[Stored data]
☆ ☆ ☆ ☆

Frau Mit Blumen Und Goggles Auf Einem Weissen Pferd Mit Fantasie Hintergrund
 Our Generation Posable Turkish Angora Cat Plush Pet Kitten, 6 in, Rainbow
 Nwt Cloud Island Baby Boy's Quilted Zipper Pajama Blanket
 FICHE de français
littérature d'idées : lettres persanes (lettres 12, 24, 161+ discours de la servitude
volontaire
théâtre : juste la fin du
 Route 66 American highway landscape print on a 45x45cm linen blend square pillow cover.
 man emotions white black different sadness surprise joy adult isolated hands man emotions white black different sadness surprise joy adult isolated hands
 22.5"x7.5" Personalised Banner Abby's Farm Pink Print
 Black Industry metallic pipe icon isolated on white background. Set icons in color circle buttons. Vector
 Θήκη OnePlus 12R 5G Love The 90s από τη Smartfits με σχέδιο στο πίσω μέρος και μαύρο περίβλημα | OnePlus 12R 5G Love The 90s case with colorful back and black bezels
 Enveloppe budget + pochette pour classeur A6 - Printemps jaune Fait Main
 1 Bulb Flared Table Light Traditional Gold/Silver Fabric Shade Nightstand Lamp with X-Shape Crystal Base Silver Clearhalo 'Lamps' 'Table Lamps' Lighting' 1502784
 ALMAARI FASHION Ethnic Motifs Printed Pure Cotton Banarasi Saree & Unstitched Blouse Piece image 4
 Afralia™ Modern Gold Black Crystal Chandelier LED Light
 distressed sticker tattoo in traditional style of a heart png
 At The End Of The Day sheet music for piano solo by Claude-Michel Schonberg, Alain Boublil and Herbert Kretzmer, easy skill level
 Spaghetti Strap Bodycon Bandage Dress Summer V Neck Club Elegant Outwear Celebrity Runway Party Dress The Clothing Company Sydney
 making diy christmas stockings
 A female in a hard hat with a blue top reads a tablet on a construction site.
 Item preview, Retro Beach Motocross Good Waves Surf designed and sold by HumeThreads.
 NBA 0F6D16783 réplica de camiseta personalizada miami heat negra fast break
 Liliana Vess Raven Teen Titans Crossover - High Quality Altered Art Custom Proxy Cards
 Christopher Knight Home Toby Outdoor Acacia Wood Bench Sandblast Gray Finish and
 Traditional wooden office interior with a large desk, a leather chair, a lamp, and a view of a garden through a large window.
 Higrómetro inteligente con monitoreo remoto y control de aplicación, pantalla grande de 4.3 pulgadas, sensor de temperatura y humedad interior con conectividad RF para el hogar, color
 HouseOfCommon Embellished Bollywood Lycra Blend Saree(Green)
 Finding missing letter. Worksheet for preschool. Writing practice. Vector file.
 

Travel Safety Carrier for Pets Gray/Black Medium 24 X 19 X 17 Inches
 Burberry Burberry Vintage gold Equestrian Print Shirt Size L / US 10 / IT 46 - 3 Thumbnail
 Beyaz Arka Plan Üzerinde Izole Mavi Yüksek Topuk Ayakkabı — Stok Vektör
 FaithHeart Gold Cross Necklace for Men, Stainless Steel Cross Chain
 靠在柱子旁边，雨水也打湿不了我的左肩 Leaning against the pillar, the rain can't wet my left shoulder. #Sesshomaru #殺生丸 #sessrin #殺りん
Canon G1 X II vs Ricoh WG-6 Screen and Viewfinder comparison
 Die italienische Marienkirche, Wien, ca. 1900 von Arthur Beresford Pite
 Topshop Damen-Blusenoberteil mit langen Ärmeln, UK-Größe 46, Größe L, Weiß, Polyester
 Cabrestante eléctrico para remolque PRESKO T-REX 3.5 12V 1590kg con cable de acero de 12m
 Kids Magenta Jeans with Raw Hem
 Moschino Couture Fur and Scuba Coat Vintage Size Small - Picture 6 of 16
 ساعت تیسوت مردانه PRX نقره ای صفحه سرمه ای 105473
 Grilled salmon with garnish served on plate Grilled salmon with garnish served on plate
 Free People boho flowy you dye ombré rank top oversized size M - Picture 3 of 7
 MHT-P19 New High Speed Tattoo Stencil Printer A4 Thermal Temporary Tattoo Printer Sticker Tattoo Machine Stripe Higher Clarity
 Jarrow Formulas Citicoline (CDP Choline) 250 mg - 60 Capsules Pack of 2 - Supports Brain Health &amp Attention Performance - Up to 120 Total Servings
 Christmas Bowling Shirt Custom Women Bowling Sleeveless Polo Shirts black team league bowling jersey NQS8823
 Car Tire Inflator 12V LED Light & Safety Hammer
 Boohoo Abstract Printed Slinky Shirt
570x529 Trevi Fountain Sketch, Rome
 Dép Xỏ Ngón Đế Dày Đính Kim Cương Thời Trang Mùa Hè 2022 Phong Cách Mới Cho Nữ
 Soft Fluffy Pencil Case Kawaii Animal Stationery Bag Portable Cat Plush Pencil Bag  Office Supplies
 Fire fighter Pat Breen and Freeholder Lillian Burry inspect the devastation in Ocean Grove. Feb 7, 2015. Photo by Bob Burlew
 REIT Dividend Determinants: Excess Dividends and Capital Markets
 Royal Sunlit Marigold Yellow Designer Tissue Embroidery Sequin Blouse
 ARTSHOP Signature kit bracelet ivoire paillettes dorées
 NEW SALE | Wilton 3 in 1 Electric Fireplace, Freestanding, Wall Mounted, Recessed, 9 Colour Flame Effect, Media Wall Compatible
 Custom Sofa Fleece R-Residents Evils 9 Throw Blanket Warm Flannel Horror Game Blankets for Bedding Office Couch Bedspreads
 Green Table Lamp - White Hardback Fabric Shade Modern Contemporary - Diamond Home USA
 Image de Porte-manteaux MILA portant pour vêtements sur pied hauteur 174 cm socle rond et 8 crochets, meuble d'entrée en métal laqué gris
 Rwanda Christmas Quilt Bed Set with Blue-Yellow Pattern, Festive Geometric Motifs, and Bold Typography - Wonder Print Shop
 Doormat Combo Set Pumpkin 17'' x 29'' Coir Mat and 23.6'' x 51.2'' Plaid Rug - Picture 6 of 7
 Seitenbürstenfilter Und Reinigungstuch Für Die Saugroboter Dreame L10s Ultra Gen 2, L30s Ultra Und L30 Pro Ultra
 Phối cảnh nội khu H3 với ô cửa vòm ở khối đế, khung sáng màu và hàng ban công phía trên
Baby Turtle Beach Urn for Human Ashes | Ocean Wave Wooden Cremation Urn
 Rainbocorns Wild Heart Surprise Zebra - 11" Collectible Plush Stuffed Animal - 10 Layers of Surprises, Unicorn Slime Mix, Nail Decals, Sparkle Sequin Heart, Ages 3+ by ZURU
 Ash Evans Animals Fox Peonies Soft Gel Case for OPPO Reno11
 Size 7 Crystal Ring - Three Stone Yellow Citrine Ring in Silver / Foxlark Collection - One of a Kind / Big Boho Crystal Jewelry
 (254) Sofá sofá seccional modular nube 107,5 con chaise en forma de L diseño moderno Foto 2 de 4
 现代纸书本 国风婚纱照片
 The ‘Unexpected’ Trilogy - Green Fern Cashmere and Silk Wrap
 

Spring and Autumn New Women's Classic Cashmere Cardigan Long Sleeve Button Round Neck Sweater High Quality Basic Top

☆ ☆ ☆ ☆

PROMPT:
The required result is a verbatim copy of all the entries.

WRITTEN SOLUTION:
Frau Mit Blumen Und Goggles Auf Einem Weissen Pferd Mit Fantasie Hintergrund
 Our Generation Posable Turkish Angora Cat Plush Pet Kitten, 6 in, Rainbow
 Nwt Cloud Island Baby Boy's Quilted Zipper Pajama Blanket
 FICHE de français
littérature d'idées : lettres persanes (lettres 12, 24, 161+ discours de la servitude
volontaire
théâtre : juste la fin du
 Route 66 American highway landscape print on a 45x45cm linen blend square pillow cover.
 man emotions white black different sadness surprise joy adult isolated hands man emotions white black different sadness surprise joy adult isolated hands
 22.5"x7.5" Personalised Banner Abby's Farm Pink Print
 Black Industry metallic pipe icon isolated on white background. Set icons in color circle buttons. Vector
 Θήκη OnePlus 12R 5G Love The 90s από τη Smartfits με σχέδιο στο πίσω μέρος και μαύρο περίβλημα | OnePlus 12R 5G Love The 90s case with colorful back and black bezels
 Enveloppe budget + pochette pour classeur A6 - Printemps jaune Fait Main
 1 Bulb Flared Table Light Traditional Gold/Silver Fabric Shade Nightstand Lamp with X-Shape Crystal Base Silver Clearhalo 'Lamps' 'Table Lamps' Lighting' 1502784
 ALMAARI FASHION Ethnic Motifs Printed Pure Cotton Banarasi Saree & Unstitched Blouse Piece image 4
 Afralia™ Modern Gold Black Crystal Chandelier LED Light
 distressed sticker tattoo in traditional style of a heart png
 At The End Of The Day sheet music for piano solo by Claude-Michel Schonberg, Alain Boublil and Herbert Kretzmer, easy skill level
 Spaghetti Strap Bodycon Bandage Dress Summer V Neck Club Elegant Outwear Celebrity Runway Party Dress The Clothing Company Sydney
 making diy christmas stockings
 A female in a hard hat with a blue top reads a tablet on a construction site.
 Item preview, Retro Beach Motocross Good Waves Surf designed and sold by HumeThreads.
 NBA 0F6D16783 réplica de camiseta personalizada miami heat negra fast break
 Liliana Vess Raven Teen Titans Crossover - High Quality Altered Art Custom Proxy Cards
 Christopher Knight Home Toby Outdoor Acacia Wood Bench Sandblast Gray Finish and
 Traditional wooden office interior with a large desk, a leather chair, a lamp, and a view of a garden through a large window.
 Higrómetro inteligente con monitoreo remoto y control de aplicación, pantalla grande de 4.3 pulgadas, sensor de temperatura y humedad interior con conectividad RF para el hogar, color
 HouseOfCommon Embellished Bollywood Lycra Blend Saree(Green)
 Finding missing letter. Worksheet for preschool. Writing practice. Vector file.
 

Travel Safety Carrier for Pets Gray/Black Medium 24 X 19 X 17 Inches
 Burberry Burberry Vintage gold Equestrian Print Shirt Size L / US 10 / IT 46 - 3 Thumbnail
 Beyaz Arka Plan Üzerinde Izole Mavi Yüksek Topuk Ayakkabı — Stok Vektör
 FaithHeart Gold Cross Necklace for Men, Stainless Steel Cross Chain
 靠在柱子旁边，雨水也打湿不了我的左肩 Leaning against the pillar, the rain can't wet my left shoulder. #Sesshomaru #殺生丸 #sessrin #殺りん
Canon G1 X II vs Ricoh WG-6 Screen and Viewfinder comparison
 Die italienische Marienkirche, Wien, ca. 1900 von Arthur Beresford Pite
 Topshop Damen-Blusenoberteil mit langen Ärmeln, UK-Größe 46, Größe L, Weiß, Polyester
 Cabrestante eléctrico para remolque PRESKO T-REX 3.5 12V 1590kg con cable de acero de 12m
 Kids Magenta Jeans with Raw Hem
 Moschino Couture Fur and Scuba Coat Vintage Size Small - Picture 6 of 16
 ساعت تیسوت مردانه PRX نقره ای صفحه سرمه ای 105473
 Grilled salmon with garnish served on plate Grilled salmon with garnish served on plate
 Free People boho flowy you dye ombré rank top oversized size M - Picture 3 of 7
 MHT-P19 New High Speed Tattoo Stencil Printer A4 Thermal Temporary Tattoo Printer Sticker Tattoo Machine Stripe Higher Clarity
 Jarrow Formulas Citicoline (CDP Choline) 250 mg - 60 Capsules Pack of 2 - Supports Brain Health &amp Attention Performance - Up to 120 Total Servings
 Christmas Bowling Shirt Custom Women Bowling Sleeveless Polo Shirts black team league bowling jersey NQS8823
 Car Tire Inflator 12V LED Light & Safety Hammer
 Boohoo Abstract Printed Slinky Shirt
570x529 Trevi Fountain Sketch, Rome
 Dép Xỏ Ngón Đế Dày Đính Kim Cương Thời Trang Mùa Hè 2022 Phong Cách Mới Cho Nữ
 Soft Fluffy Pencil Case Kawaii Animal Stationery Bag Portable Cat Plush Pencil Bag  Office Supplies
 Fire fighter Pat Breen and Freeholder Lillian Burry inspect the devastation in Ocean Grove. Feb 7, 2015. Photo by Bob Burlew
 REIT Dividend Determinants: Excess Dividends and Capital Markets
 Royal Sunlit Marigold Yellow Designer Tissue Embroidery Sequin Blouse
 ARTSHOP Signature kit bracelet ivoire paillettes dorées
 NEW SALE | Wilton 3 in 1 Electric Fireplace, Freestanding, Wall Mounted, Recessed, 9 Colour Flame Effect, Media Wall Compatible
 Custom Sofa Fleece R-Residents Evils 9 Throw Blanket Warm Flannel Horror Game Blankets for Bedding Office Couch Bedspreads
 Green Table Lamp - White Hardback Fabric Shade Modern Contemporary - Diamond Home USA
 Image de Porte-manteaux MILA portant pour vêtements sur pied hauteur 174 cm socle rond et 8 crochets, meuble d'entrée en métal laqué gris
 Rwanda Christmas Quilt Bed Set with Blue-Yellow Pattern, Festive Geometric Motifs, and Bold Typography - Wonder Print Shop
 Doormat Combo Set Pumpkin 17'' x 29'' Coir Mat and 23.6'' x 51.2'' Plaid Rug - Picture 6 of 7
 Seitenbürstenfilter Und Reinigungstuch Für Die Saugroboter Dreame L10s Ultra Gen 2, L30s Ultra Und L30 Pro Ultra
 Phối cảnh nội khu H3 với ô cửa vòm ở khối đế, khung sáng màu và hàng ban công phía trên
Baby Turtle Beach Urn for Human Ashes | Ocean Wave Wooden Cremation Urn
 Rainbocorns Wild Heart Surprise Zebra - 11" Collectible Plush Stuffed Animal - 10 Layers of Surprises, Unicorn Slime Mix, Nail Decals, Sparkle Sequin Heart, Ages 3+ by ZURU
 Ash Evans Animals Fox Peonies Soft Gel Case for OPPO Reno11
 Size 7 Crystal Ring - Three Stone Yellow Citrine Ring in Silver / Foxlark Collection - One of a Kind / Big Boho Crystal Jewelry
 (254) Sofá sofá seccional modular nube 107,5 con chaise en forma de L diseño moderno Foto 2 de 4
 现代纸书本 国风婚纱照片
 The ‘Unexpected’ Trilogy - Green Fern Cashmere and Silk Wrap
 

Spring and Autumn New Women's Classic Cashmere Cardigan Long Sleeve Button Round Neck Sweater High Quality Basic Top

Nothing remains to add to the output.